Generalizing to Traffic Grid Topologies
Our goal was to train a generalized model that can be applied to any N x M traffic grid topology after being trained once.
Methodology and Contributions
Note: In all our measurements, we use average speed of all observed cars as our metric.
Establishing a Baseline with all Safe Controllers
To get a basline, we first ran the simulation over a 3x3 grid where each light is a pre-programmed safe controller.
The Training Environment
Environment for training at least 1 AI controller. The idea is to avoid placing a traffic light on the edge of the grid
to get even training. Some approaches include:
- AI Safe Model: Train one AI controller in the center of a 3x3 environment, surrounded by safe controllers
- AI Look Ahead Model: Train one AI controller in the center of a 5x5 environment, where the actions of its adjacent neighbors are fed into the model as features during the training process
The Generalized Environment
A model trained in the previous environment is convolved over each intersection over an NxM topology.
The model is used to make predictions over this generalized topology. Work here includes:
- Applying the above models to each traffic light during an evaluation step
- Padding the exterior of the environment with safe controllers and applying the above models to the interior traffic lights
Other Contributions to the Project:
- Logging and plotting of metrics during training
- Script for evenly distributing training jobs across multiple machines, limiting to four jobs per machine
- Scripts for managing jobs across all machines
Results
Safe Controller Baseline
Baselines:
- 3x3 Topology: 5.57 m/s average speed
- 5x5 Topology: 5.39 m/s average speed
The Train Environment
Best Results:
- AI Safe Model: After 49,700,000 steps, we get an average speed of 6.429 m/s as our best model
- AI Look Ahead Model: After 44,350,000 steps, we get an average speed of 5.51 m/s, as our best model

The N x M Evaluation Environment
Best Results:
- Any of our AI models to a 3x3 Topology: We get an average speed of 4.3 m/s regardless of which model we apply
- Any of our AI models to a 5x5 Topology: We get an average speed of 4.22 m/s regardless of which model we apply
Best Model in a 5x5 Generalized Environment Video
Conclusion and Future Work
While we are able to succesfully train powerful models that outperform the safe controller in our train environment, we were unable to get our model to generalize. No matter the model that we try to run in our generalized environment, the average speed in the system remains unmoved, and well below the safe controller baseline.
Research has shown that generalizing RL models is very challenging. Best approach going forward is to try and train a model on multiple environments in parallel.

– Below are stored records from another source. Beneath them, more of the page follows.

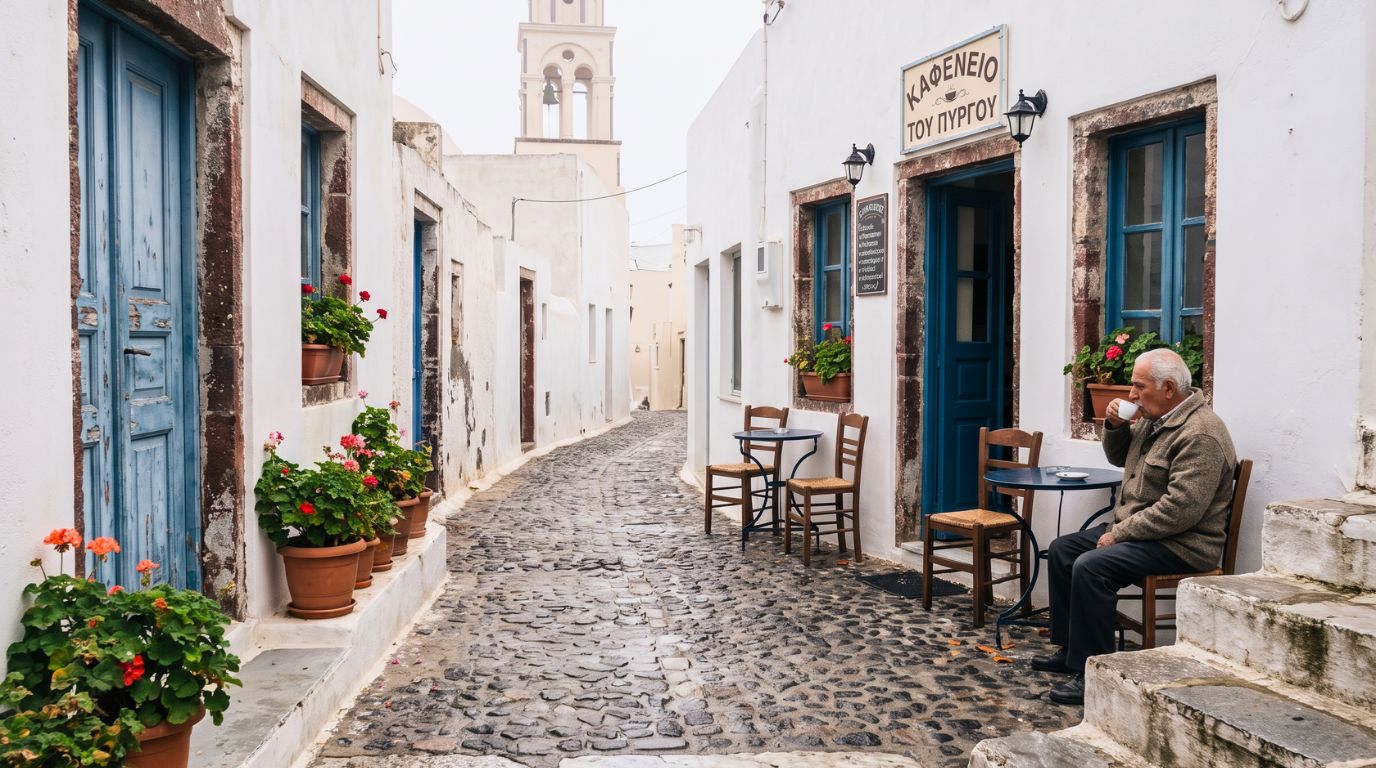 Local man drinking coffee outside a traditional kafeneio in Pyrgos village Santorini in November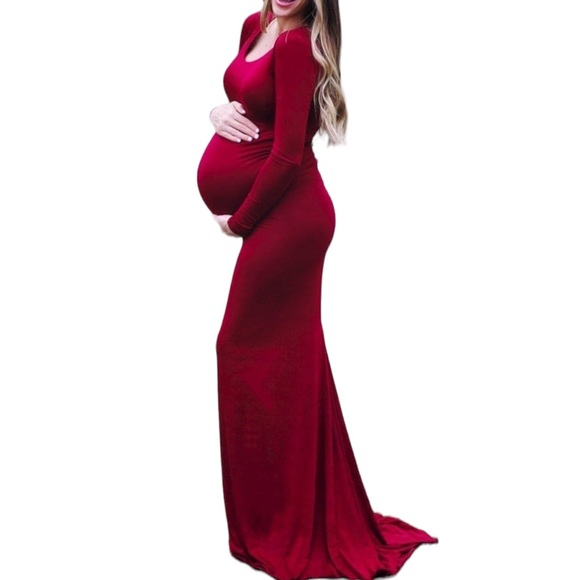 SEXY MAMA Maternity white Dress stretch long sleeves small train size Medium - Picture 4 of 14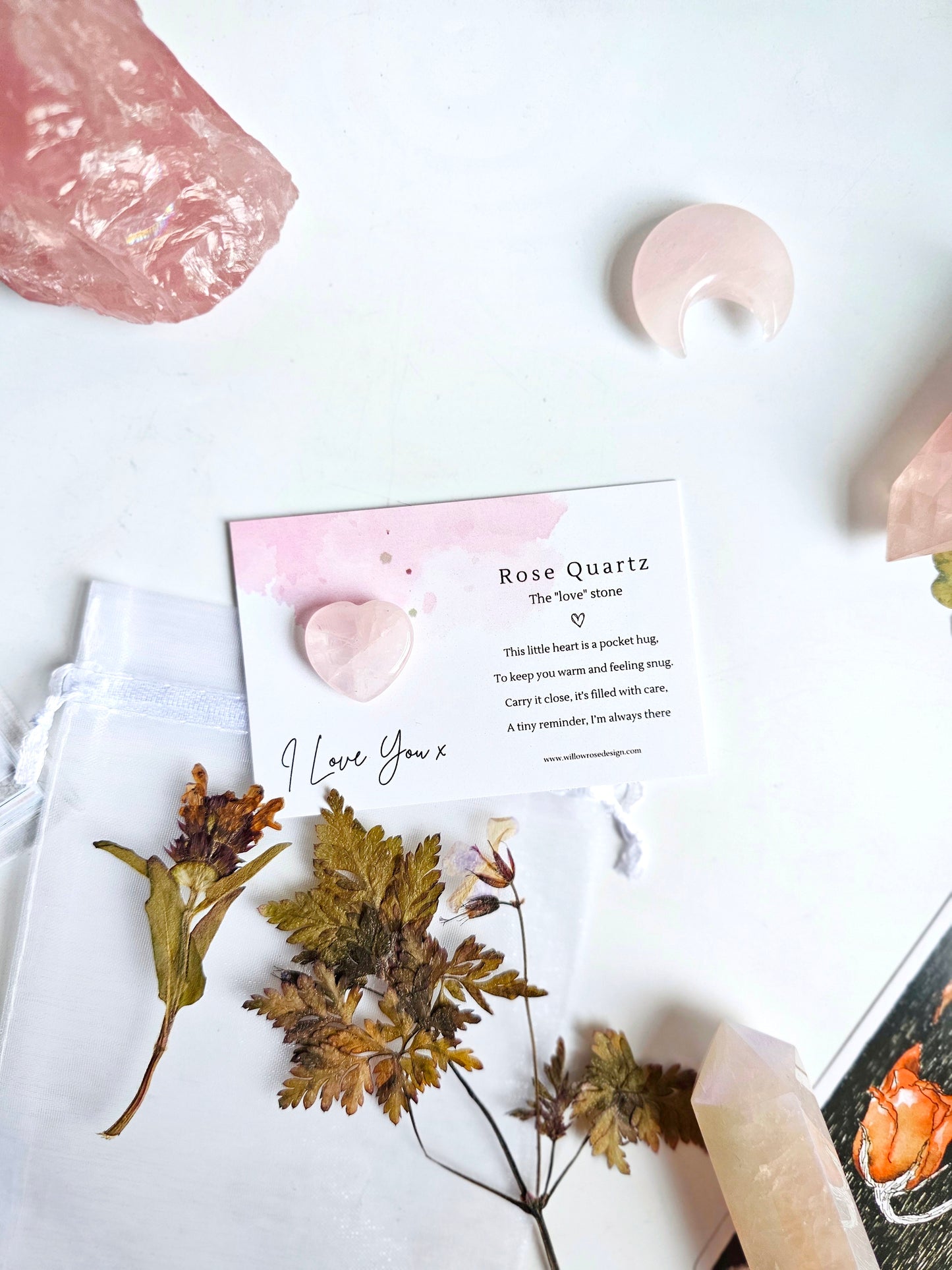 Rose Quartz Heart Tokens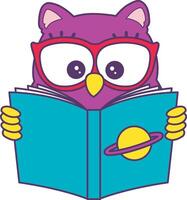 Owl reading a book. Sticker of violet owl daily activities. vector
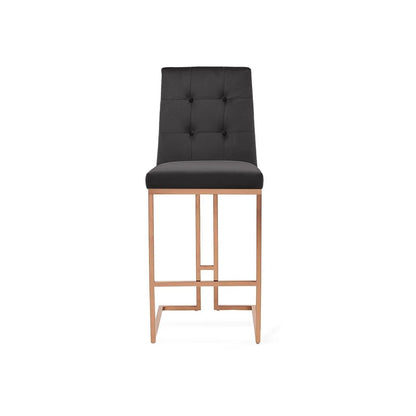Cameron Rose Gold Polished Stainless Steel Base Black Bar Stool RG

Given that each model takes about a week or 50,000,000 timesteps to train with Sumo, the biggest challenges will be computational. One suggestion would be to move away from using Sumo as a simulator and instead either use Gym CityFlow or a custom, fast environment that is optimized to take advantage of GPU resouces. Then, train many models in different combinations of different environments to get a generalized model.